The inspiration for her book Island of Spies came from a family trip she took to Hatteras Island when she was 6 years old. She was walking alongside her dad on the beach when she saw a large black blob and asked him what it was. He said it was oil from German U-Boats that patrolled the island’s coast in World War 2. After the national crisis caused by the bombing of Pearl Harbor, the US President decided to keep hush about the German boats on the East Coast, to keep Americans from worrying that the islanders had to defend themselves. She became interested in the topic and has wanted to write a book set on the North Carolina coast ever since.

Her books are set in Eastern North Carolina, where she grew up, because she feels inspired by its unique small-town Southern culture.

When Turnage writes, she first listens for her characters’ voices in her imagination, and when she has enough material to tell their story, begins to write the majority of the book. She believes that books that tell the story her characters want to tell are better than books that tell the story she wants to tell. She often switches between Mo and Dale as her favorite character from Three Times Lucky.

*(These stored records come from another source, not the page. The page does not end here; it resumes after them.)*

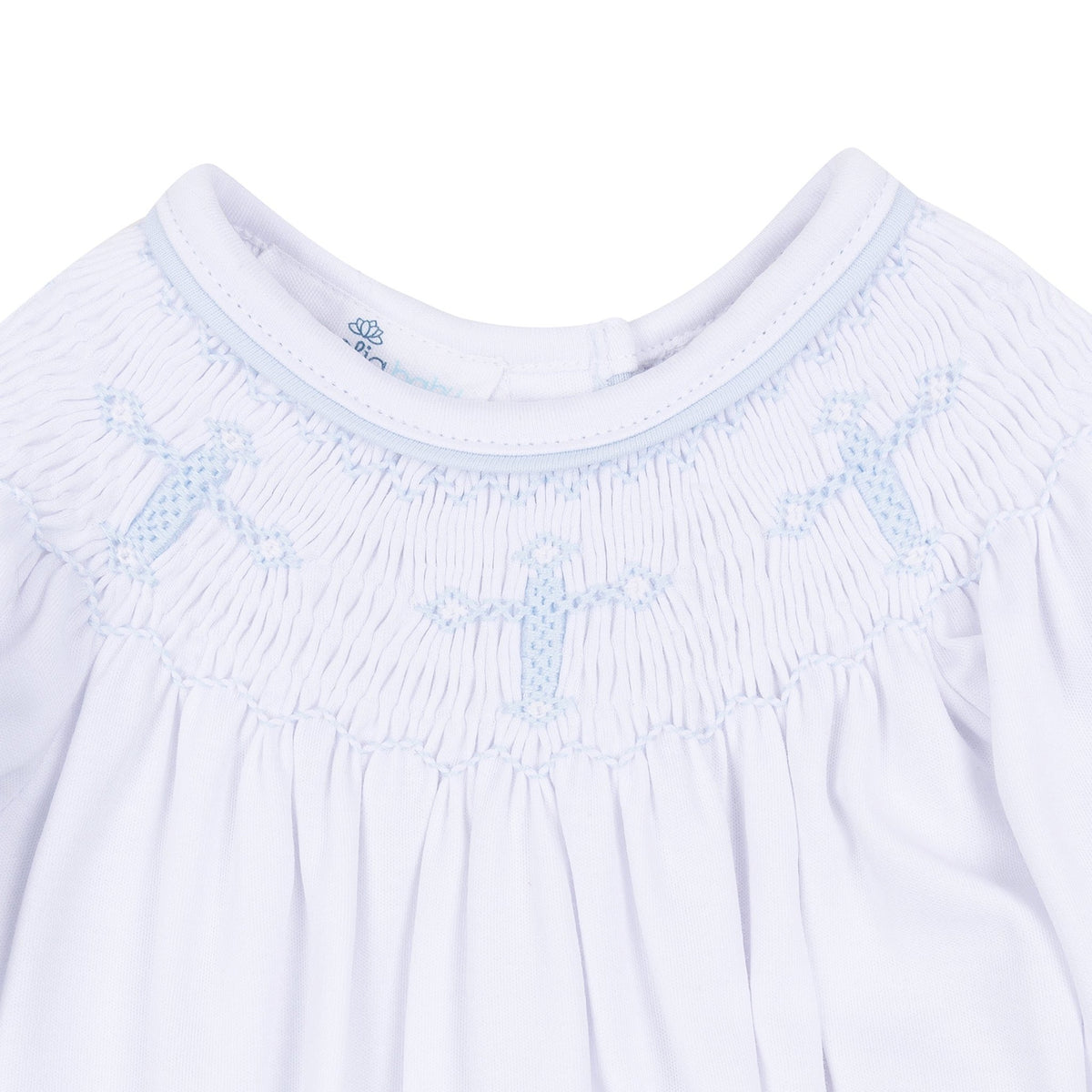 Magnolia Baby_Forever Blessed Bishop Boy Gown_3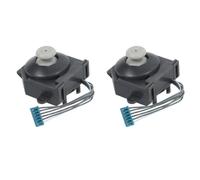 Remingtape 2 X L43D Joystick Analogico Thumb Stick Riparazione per Controller N64 Analogico Thumb Stick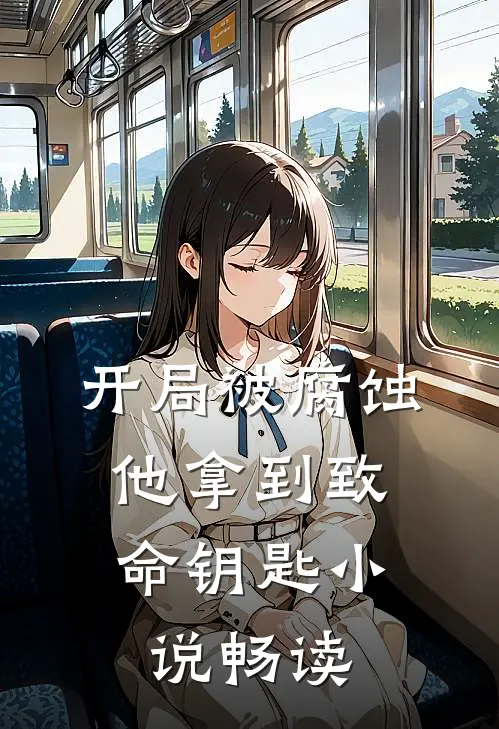 开局被腐蚀，他拿到致命钥匙小说畅读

She has been attending the same creative writing class at Pitt Community College on and off for thirty years and its instructor, Patsy O’Leary, had a huge influence on her novels.

She does visits to elementary schools to discuss her books and teach about writing.

She lives outside of Farmville, North Carolina, on a farm that belonged to her great-grandparents with her husband, Rodney Beasley and their many pets. Their house borders the woods, so they often see wild animals like deer in their front yard.

Her favorite time to write is in the morning, but when she has a deadline she writes all day, every day. She is currently working on a new novel that contains “one murder and two miracles”, but she doesn’t know its title yet.